Mencari Figur Pimpinan KPK yang Ideal; Tolak Unsur Polisi dan Jaksa

Press Release

Seleksi pimpinan Komisi Pemberantasan Korupsi (KPK) telah melewati pengumuman Tahap II dan profille assesment. Berdasarkan fase yang disampaikan oleh Panitia Seleksi (Pansel), maka jalan menuju kursi pimpinan KPK semakin dekat. Calon yang lulus tahap III segera akan diumumkan, mengkuti proses Wawancara, dan kemudian dua nama akan diserahkan pada Presiden RI.

Sejauh ini Pansel telah menyaring sejumlah calon hingga susut menjadi 12 orang. ICW dan Koalisi Pemantau Peradilan (KPP) telah mencermati dan bahkan sedang mengumpulkan secara intensif rekam jejak para calon. Proses tracking ini tentu saja didasarkan pada indikator yang jelas, terutama untuk menjawab pertanyaan, figur seperti apa yang ideal memimpin KPK dalam keadaan goncang seperti hari ini?

KPK Ditengah Badai

Keadaan goncang institusi KPK tersebut tidak bisa dilepaskan dari realitas politik dan persekongkolan berbagai kelompok untuk melumpuhkan KPK. Parlemen masih dikuasi elit yang sama, dengan komitmen pemberantasan korupsi yang lemah. ICW mencatat upaya delegitimasi dari sektor politik ini paling dominan. Eksekutif pun demikian. Presiden diragukan komitmennya untuk mendukung independensi dan pelaksanaan tugas KPK. Demikian juga dengan mafia bisnis yang kepentingannya terganggu dengan kehadiran KPK. Sejumlah elit di lembaga penegak hukum pun relatif resisten dengan KPK. Tidak hanya terlihat dari pernyataan dan sikap di depan publik, pimpinan Kepolisian dan Kejaksaan bahkan diduga terlibat langsung ataupun tidak langsung dengan upaya pelemahan KPK. Setidaknya, kriminalisasi dan dugaan rekayasa proses hukum terhadap Bibit-Chandra menjadi salah-satu contoh kongkrit. Baru-baru ini, publik menjadi saksi soal kontroversi rekaman 64 kali pembicaraan Ade Rahadja dan Ari Muladi yang diklaim Polri dan Jaksa Agung ada. Kita sungguh khawatir pimpinan dua lembaga ini melakukan kebohongan publik.

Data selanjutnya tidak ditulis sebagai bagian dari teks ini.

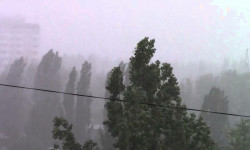 ӨКМ: 5-8-августка чейин өлкөнүн тоолуу райондорунда сел жүрүшү күтүлөт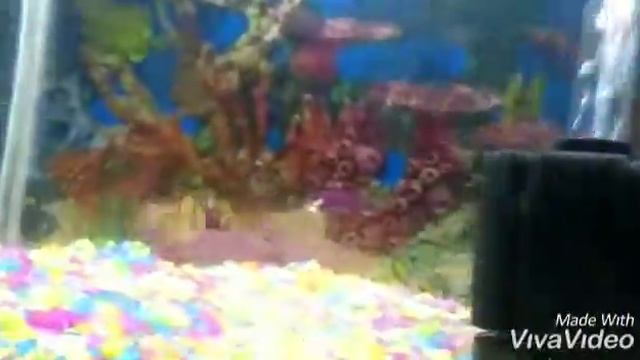 My Aquarium fishes setup (All type fish Available) смотреть онлайн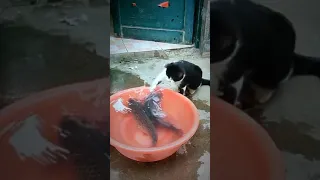 Funny Cats and Fish 😻🐠 Cats Playing With Fish [Funny Pets] #short #funnycatcompilation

Di mata internasional, kondisi korupsi Indonesia relatif stagnan. CPI Indonesia hanya meningkat 0,8 poin dari tahun 2004 ke 2009. Survey PERC masih menempatkan Indonesia sebagai negara terkorup dari 12 negara di Asia Pasifik. Kepastian hukum, kredibilitas institusi dan kepercayaan publik pada lembaga penegak hukum merosot tajam. Ditengah kondisi itulah, proses seleksi Pimpinan KPK, yang hanya mencari 1 calon, dilakukan. Dengan demikian, sesungguhnya kita tidak sedang membutuhkan sosok dan profil yang biasa saja, tetapi orang dengan kriteria luar biasa “extra ordinary people”. Yang tentu saja, harus memenuhi sejumlah syarat mendasar.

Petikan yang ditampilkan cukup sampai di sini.